[What you need to do]:
The answer must be an exact copy of the lines from the one with "2026 Volvo XC90 Plug-In Hybrid Plus" through the final line below, with no pictures and nothing else.

[Record excerpts]:
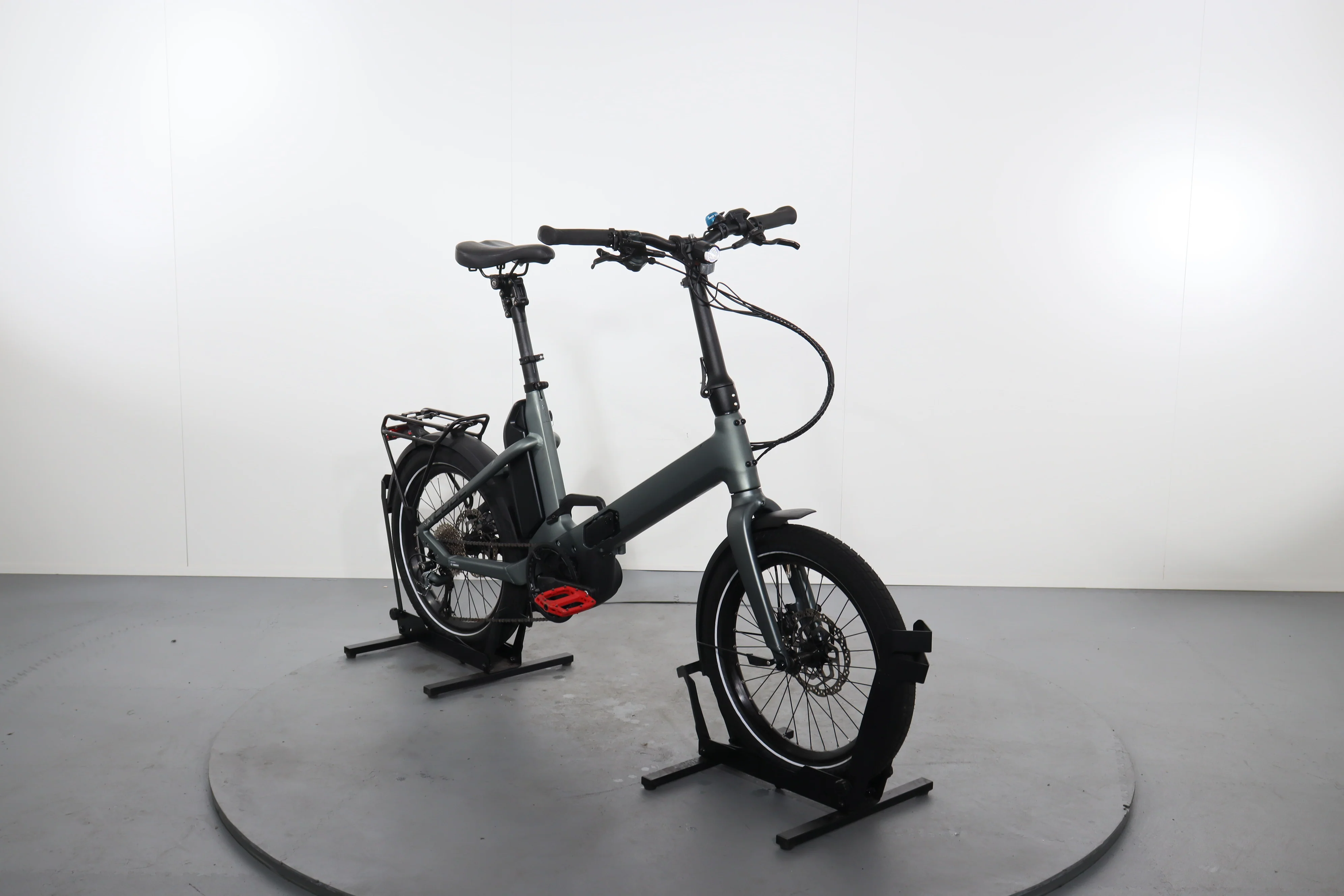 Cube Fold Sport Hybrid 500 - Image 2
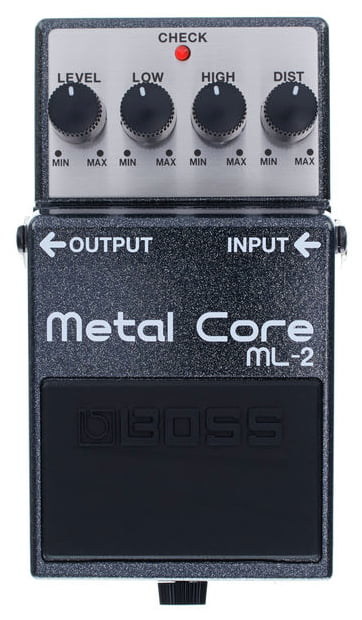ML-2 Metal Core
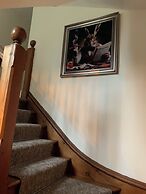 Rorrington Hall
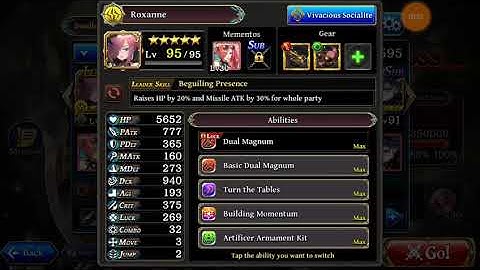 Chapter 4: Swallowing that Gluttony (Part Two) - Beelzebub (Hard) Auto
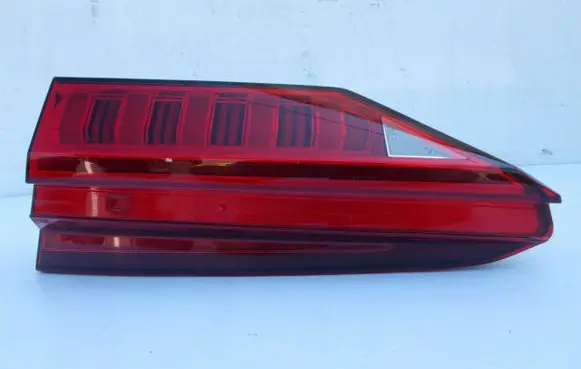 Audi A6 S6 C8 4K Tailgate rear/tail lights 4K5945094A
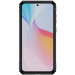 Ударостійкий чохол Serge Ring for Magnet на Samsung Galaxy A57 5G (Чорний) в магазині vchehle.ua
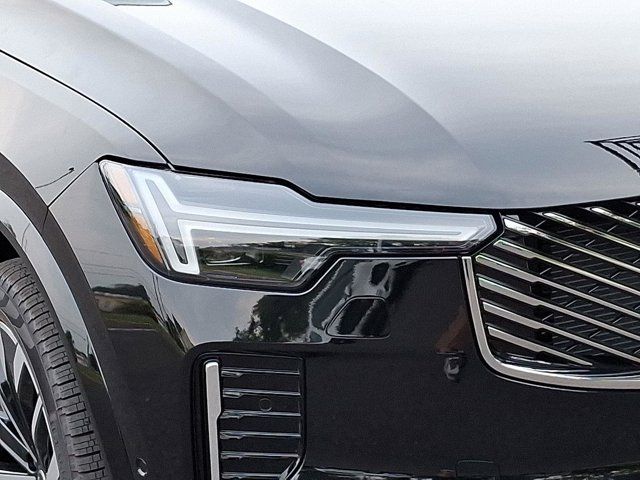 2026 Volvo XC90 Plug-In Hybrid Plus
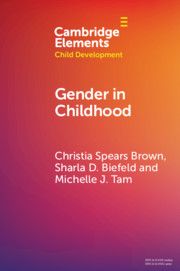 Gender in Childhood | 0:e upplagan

[Solution for this task]:
 2026 Volvo XC90 Plug-In Hybrid Plus
 Gender in Childhood | 0:e upplagan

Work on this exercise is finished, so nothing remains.